• **Dataset extract**
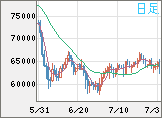 ビットコイン/米ドルチャート(XBT/USD)日足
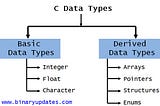 DATA TYPES IN C PROGRAMMING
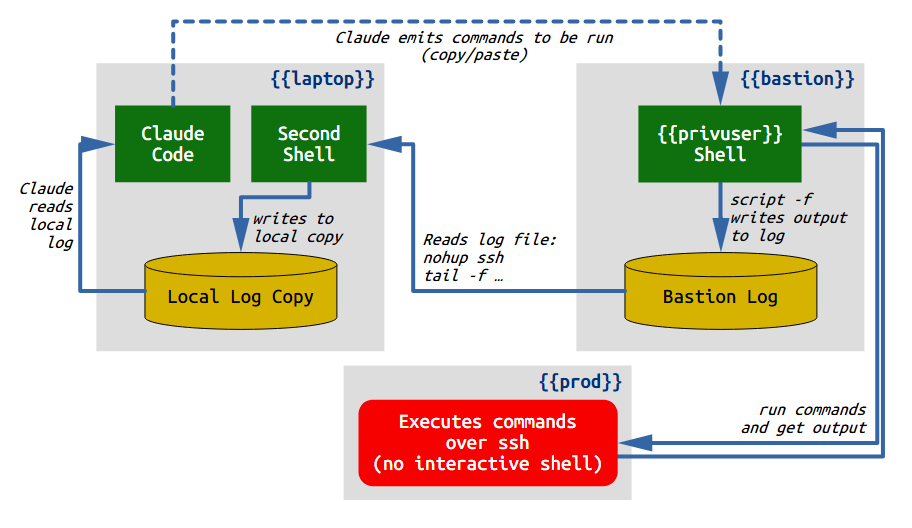 Diagram showing process for the pattern described in this post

• **Problem description**
Output the full listing above exactly, excluding all pictures.

• **Result of the exercise**
 ビットコイン/米ドルチャート(XBT/USD)日足
 DATA TYPES IN C PROGRAMMING
 Diagram showing process for the pattern described in this post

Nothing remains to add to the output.